===== DATA FOR PROCESSING
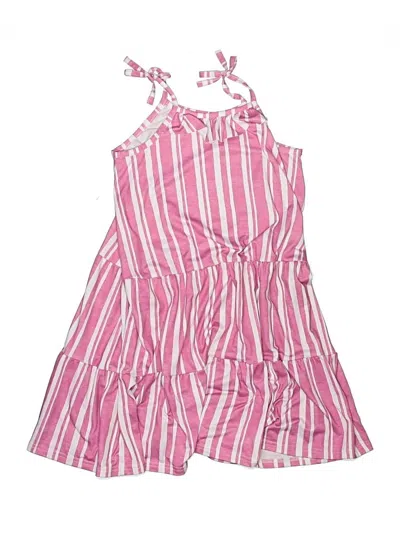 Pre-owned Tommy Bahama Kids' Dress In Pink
==========
===== DATA FOR PROCESSING
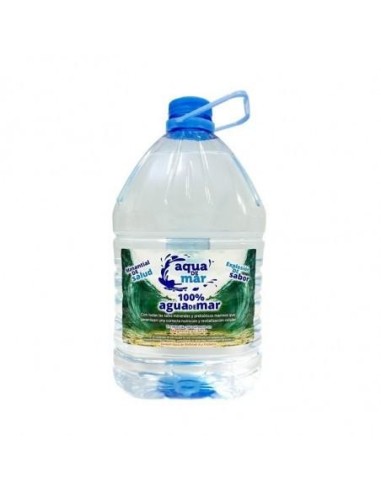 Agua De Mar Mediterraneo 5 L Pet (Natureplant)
==========
===== DATA FOR PROCESSING
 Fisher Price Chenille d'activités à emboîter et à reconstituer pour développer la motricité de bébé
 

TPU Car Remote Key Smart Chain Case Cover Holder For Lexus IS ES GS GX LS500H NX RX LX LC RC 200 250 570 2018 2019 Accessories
==========
▸ **WORK INSTRUCTION**: Would you please copy, word for word, everything above from the line containing "Fisher Price Chenille" down to the line containing "TPU Car Remote", those two lines included?

▸ **RESPONSE TO THIS EXERCISE**:
 Fisher Price Chenille d'activités à emboîter et à reconstituer pour développer la motricité de bébé
 

TPU Car Remote Key Smart Chain Case Cover Holder For Lexus IS ES GS GX LS500H NX RX LX LC RC 200 250 570 2018 2019 Accessories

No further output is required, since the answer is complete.